Kritik terhadap Regulasi dan Model Bisnis
Pengamat Ekonomi Digital, Nailul Huda, menyatakan bahwa irisan kepentingan menjadi penyebab demo terus terjadi. Pihak aplikator menjaga margin bisnisnya, sementara pengemudi ingin adanya biaya yang mereka serahkan kepada aplikator karena menganggap nilai yang ada saat ini sangat besar bahkan melampaui ketentuan yang seharusnya. Di sisi lain, biaya hidup makin tinggi.
Huda menyoroti minimnya kajian publik yang dilakukan Kementerian Perhubungan terkait biaya 20% yang dibebankan pada pengemudi.
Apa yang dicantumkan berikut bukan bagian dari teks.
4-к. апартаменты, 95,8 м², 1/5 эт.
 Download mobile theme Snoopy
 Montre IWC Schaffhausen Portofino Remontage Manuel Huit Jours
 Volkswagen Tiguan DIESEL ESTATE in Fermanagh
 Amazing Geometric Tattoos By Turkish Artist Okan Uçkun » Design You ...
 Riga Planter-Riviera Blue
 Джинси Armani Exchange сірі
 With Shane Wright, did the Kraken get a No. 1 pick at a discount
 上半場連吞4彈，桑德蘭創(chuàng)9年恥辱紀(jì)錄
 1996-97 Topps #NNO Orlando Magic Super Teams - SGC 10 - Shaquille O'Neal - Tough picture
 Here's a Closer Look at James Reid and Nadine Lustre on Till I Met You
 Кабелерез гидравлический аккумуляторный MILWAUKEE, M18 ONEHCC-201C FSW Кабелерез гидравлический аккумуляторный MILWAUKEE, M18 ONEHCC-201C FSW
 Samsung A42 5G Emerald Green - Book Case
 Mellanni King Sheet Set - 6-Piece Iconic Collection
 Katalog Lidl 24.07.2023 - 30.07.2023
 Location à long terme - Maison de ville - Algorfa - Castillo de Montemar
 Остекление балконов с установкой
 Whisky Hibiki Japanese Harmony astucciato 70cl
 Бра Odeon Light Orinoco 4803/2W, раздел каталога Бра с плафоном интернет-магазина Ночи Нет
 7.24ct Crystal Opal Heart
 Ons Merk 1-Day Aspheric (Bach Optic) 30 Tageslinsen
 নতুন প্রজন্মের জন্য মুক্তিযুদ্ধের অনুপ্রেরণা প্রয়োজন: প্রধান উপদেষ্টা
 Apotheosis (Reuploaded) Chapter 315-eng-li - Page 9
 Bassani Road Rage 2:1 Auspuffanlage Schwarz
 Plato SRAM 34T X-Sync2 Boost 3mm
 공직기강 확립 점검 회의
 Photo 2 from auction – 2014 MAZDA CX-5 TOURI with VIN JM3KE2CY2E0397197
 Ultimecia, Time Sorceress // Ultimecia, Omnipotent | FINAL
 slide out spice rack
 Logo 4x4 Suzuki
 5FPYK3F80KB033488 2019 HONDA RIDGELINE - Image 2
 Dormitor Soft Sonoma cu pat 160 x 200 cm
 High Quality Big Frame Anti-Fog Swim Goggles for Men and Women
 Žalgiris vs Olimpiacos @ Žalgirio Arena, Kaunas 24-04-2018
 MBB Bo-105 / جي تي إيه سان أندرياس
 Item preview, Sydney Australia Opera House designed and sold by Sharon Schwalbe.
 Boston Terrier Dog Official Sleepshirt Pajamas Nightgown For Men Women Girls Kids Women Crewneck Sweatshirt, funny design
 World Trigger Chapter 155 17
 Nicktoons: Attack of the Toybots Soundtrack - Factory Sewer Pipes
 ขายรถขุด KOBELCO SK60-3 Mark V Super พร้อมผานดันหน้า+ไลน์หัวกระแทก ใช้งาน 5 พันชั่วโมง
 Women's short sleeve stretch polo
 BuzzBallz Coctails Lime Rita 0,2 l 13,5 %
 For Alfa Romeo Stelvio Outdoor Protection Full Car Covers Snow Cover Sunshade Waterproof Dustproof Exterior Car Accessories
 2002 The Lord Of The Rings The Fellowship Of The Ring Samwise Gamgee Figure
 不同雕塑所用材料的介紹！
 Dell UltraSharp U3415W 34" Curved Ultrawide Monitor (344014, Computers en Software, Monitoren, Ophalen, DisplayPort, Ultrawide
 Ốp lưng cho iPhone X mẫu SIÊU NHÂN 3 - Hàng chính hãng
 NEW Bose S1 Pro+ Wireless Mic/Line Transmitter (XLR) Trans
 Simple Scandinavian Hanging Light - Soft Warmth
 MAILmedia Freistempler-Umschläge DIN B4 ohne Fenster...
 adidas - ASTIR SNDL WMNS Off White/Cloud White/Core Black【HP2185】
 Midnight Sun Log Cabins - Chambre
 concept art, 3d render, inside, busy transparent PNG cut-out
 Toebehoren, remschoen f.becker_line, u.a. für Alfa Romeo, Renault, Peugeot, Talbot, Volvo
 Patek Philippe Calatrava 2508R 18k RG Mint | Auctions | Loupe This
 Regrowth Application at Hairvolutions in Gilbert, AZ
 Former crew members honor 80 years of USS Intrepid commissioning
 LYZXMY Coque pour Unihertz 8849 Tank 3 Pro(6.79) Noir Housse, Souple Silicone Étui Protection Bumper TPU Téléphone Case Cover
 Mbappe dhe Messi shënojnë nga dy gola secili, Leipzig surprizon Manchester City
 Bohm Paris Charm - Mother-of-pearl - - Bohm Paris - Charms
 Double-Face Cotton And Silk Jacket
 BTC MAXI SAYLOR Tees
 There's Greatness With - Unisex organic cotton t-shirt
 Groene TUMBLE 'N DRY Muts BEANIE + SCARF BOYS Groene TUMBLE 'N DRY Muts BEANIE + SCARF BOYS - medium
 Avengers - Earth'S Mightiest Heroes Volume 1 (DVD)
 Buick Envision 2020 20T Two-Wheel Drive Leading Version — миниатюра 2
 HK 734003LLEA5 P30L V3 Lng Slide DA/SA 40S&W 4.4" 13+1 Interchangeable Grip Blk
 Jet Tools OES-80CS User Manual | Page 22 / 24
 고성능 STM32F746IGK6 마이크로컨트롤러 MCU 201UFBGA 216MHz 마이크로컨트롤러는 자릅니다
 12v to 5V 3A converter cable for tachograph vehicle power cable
Ia menilai bahwa jika tidak ada kajian yang matang, tuntutan pengemudi akan terus terjadi.
Solusi yang Disarankan
Executive Director Indonesia ICT Institute Heru Sutadi menyarankan kepada aplikator untuk menurunkan potongan komisi menjadi 10-15%, serta meningkatkan transparansi keuangan dan menghapus program yang membebani driver. Ia juga menyarankan pemerintah untuk segera tetapkan regulasi yang jelas dan menetapkan tarif minimum untuk perlindungan bagi driver.
Heru menyarankan adanya dialog rutin antara pemerintah, aplikator, dan driver untuk mencari solusi berkelanjutan. Ia juga menyoroti pentingnya asosiasi resmi bagi pengemudi untuk memperkuat negosiasi dan menanggulangi permasalahan beda pendapat, khususnya terkait tuntutan demo. Konsumen pun dapat berpartisipasi dengan memilih aplikator yang adil dan memikirkan kesejahteraan drivernya.